Recently I read a book called Cradle to Cradle from William McDonough and Michael Braungart which really moved me to start think about life-cycles of the products we consume and of the waste these products leave behind. So I started to take a closer look at trash that I was producing from my home and found that most of it was plastics from food containers. These plastics are not recyclable meaning that after the few minutes that the food took to consume the plastics were obsolete and would soon start on their way to a landfill somewhere. Mcdonough and Braungart have a great passage from their book addressing this issue, they speak of styrofoam but plastics are in the same category.

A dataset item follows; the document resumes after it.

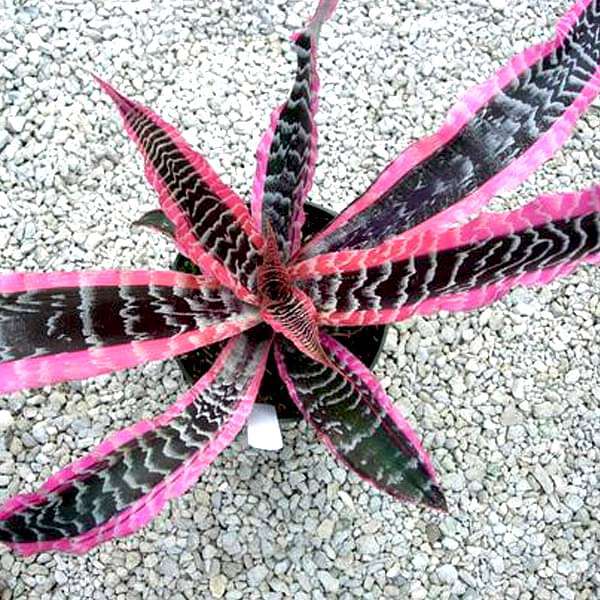Cryptanthus (Elaine) Earth Star, Starfish - Plant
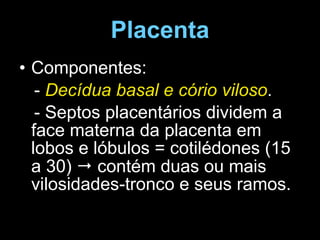 Placenta Componentes: -  Decídua basal e cório viloso . - Septos placentários dividem a face materna da placenta em lobos e lóbulos = cotilédones (15 a 30)    contém duas ou mais vilosidades-tronco e seus ramos.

"....Imagine designing such packaging to safely biodegrade after use. It could be made from the empty rice stalks that are left in the fields after harvest, which are now usually burned. They are readily available and cheap. The packaging could be enriched with a small amount of nitrogen (potentially retrieved from automotive systems). Instead of feeling guilty and burdened when they are finished eating, people could enjoy throwing their safe, nutripackage out the train window onto the ground, where it would quickly decompose and provide nitrogen to the soil. It could even contain seeds of indigenous plants that would take root as the packaging decomposes....We could even plant signs that say "Please litter." (Cradle to Cradle,pg 140)

To me that sounds like really smart design, it makes no sense in using such a durable material for something (especially for fruit cups) that is consumed and rendered useless after such a short period of time.